Let's integrate from x equals 0 to 1 just the polynomial x plus 10 times x minus 1

to the 10th power dx. So there's some integration problem, just

an integration problem for a polynomial. Your first inclination might be oh, I

know what to do, just have no fear. I'll just expand everything in sight.

So, we've got x plus 10, times x minus 1, to the 10th.

Which you could expand by, you know the binomial theorem if you want.

We're going to get x to the 11th minus 55 x to the 9th.

Plus 330 x to the 8th minus 990 x to the 7th plus 1,848 times x to the 6th mi, I

mean this is ridiculous. Arr, yeah, so I mean yeah, you, you could

do that. You could just expand everything out.

But there's a better way right. We can make use of U-substitution.

Yeah, we're not going to do that, let's do something else.

So instead let's set u equal x minus 1, and I could solve this for x.

That means that x is u plus 1. All right, if I just add 1 to both sides.

And I could make this substitution in this problem.

So this integral from x goes from 0 to 1, is, what's x plus 10 if x is u plus 1.

I could write u plus 1 plus 10. And whats x minus one, thats just u to

the tenth power, and whats dx well if u is x du is dx.

So its the same as trying to do this integration problem.

In some text books this technique of startign with the use of substitution but

then solving for x.
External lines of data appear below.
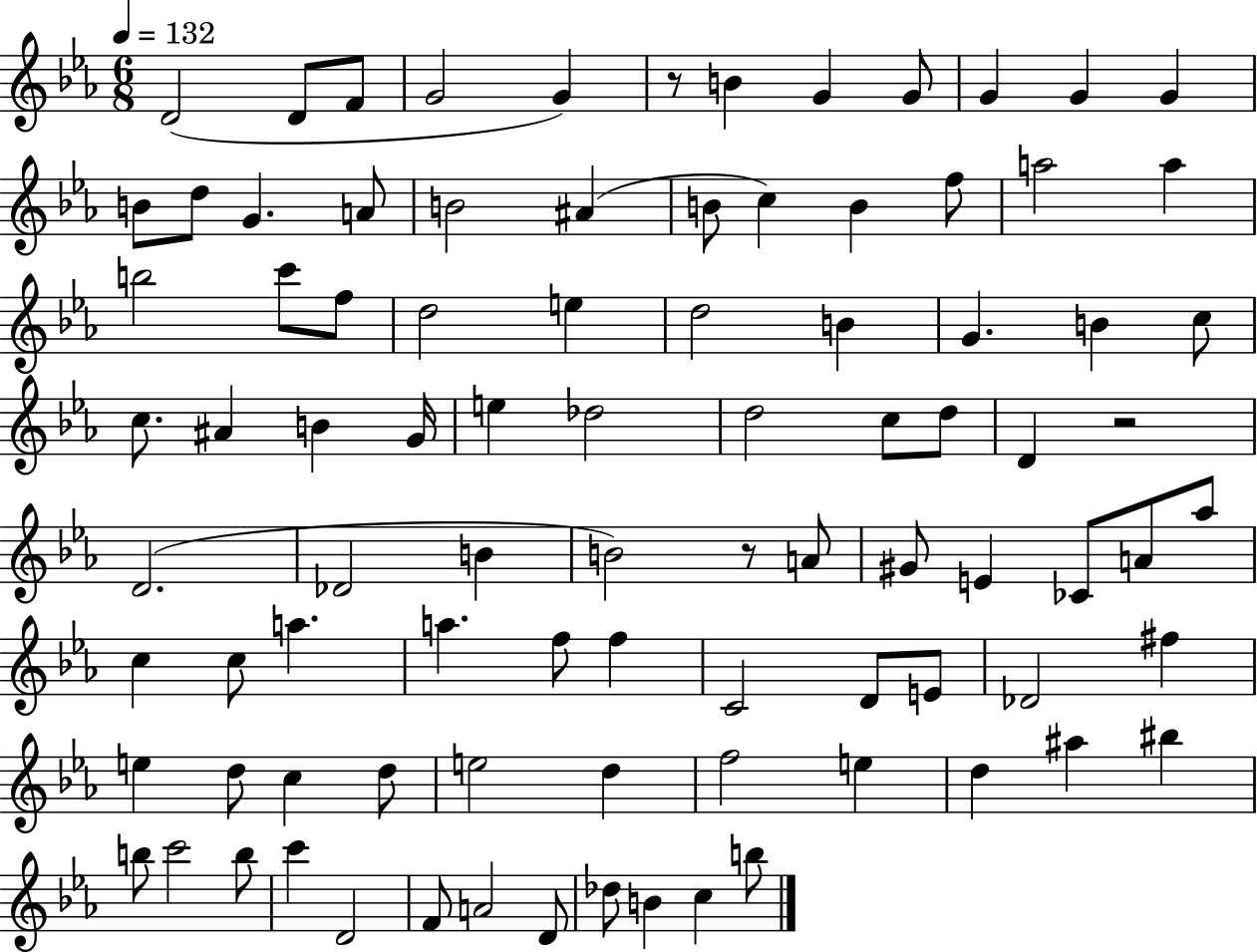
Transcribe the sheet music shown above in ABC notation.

X:1
T:Untitled
M:6/8
L:1/4
K:Eb
D2 D/2 F/2 G2 G z/2 B G G/2 G G G B/2 d/2 G A/2 B2 ^A B/2 c B f/2 a2 a b2 c'/2 f/2 d2 e d2 B G B c/2 c/2 ^A B G/4 e _d2 d2 c/2 d/2 D z2 D2 _D2 B B2 z/2 A/2 ^G/2 E _C/2 A/2 _a/2 c c/2 a a f/2 f C2 D/2 E/2 _D2 ^f e d/2 c d/2 e2 d f2 e d ^a ^b b/2 c'2 b/2 c' D2 F/2 A2 D/2 _d/2 B c b/2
This is sometimes called back

substitution. regardless of the name, let's proceed.

So this is the integral, x goes from 0 to 1 of u plus 11 times u to the 10th du.

I could expand this, and that's the same as the

Integral x goes from zero to one of u to the 11th.

Plus 11 u to the 10th du. But this is just asking me to anti

differentiate a polynomial which I can definitely do.

Alright. This is u to the 12 over 12.

Plus, what's an anti-derivative of 11 u to the 10th, it's just u to the 11th.

But now I've got a little bit of an issue, right?

I've got x going from 0 to 1. So here is u going from what to what?

Yeah, so how do we deal with those end points?

Well, when x is 0, u is minus 1. So I'll put a minus 1 there.

And when x is 1, u is 0. So I'll put a zero there.

And now, this is just as easy as plugging in zero, plugging in minus 1, and taking

the difference. So what do I get when I plug in zero?

I just get zero. And what do I get when I plug in minus 1?

Well, I get minus 1 to the 12th over 12. Plus minus 1 to the 11th.

Alright minus 1 to the 12 is just 1. So this is 1 12th.

And minus 1 to the 11th well that's negative 1.

So I've got 0 minus what's this a 12 minus one that's negative 11th 12th.

But at 0 minus negative 11, 12ths. So the integral is 11, 12ths.

So the calculation turned out to be pretty nice.

I mean 11 12ths, isn't a particularly difficult fraction to come up with.

The crazy thing to think about is that we could have approached this just by

expanding everything in sight. Yeah, I really could have expanded this

thing out, and then just started anti-differentiating you know.

And finding this really was you know, I don't know x to the 12th over 12, minus I

think it's 11 halves, x to the tenth plus a hundered and ten thirds x to the ninth

right. And it would keep on goign and id just

evaluate that, exit one exit zero and take the differenc i mean i really could

have done this by expanding. And somehow that would of ended up giving

me the same answer right, of eleven twelths.

Except that had I gone down that path, I would have been certain to have walked

right into an arithmetic error. The world of mathematical solutions is

not divided into correct solutions and incorrect solutions.

It's really more subtle than that. Mathematical solutions come in a ton of

varieties. Right, there's easy solutions and hard

solutions. There's solutions that are defending you

against arithmetic errors. And then there's solutions that are just

walking you right into an arithmetic mess.

The fun of u substitution isn't just being able to do integrals, it's being

able to do integrals in an efficient way that protects you from those arithmetic

errors.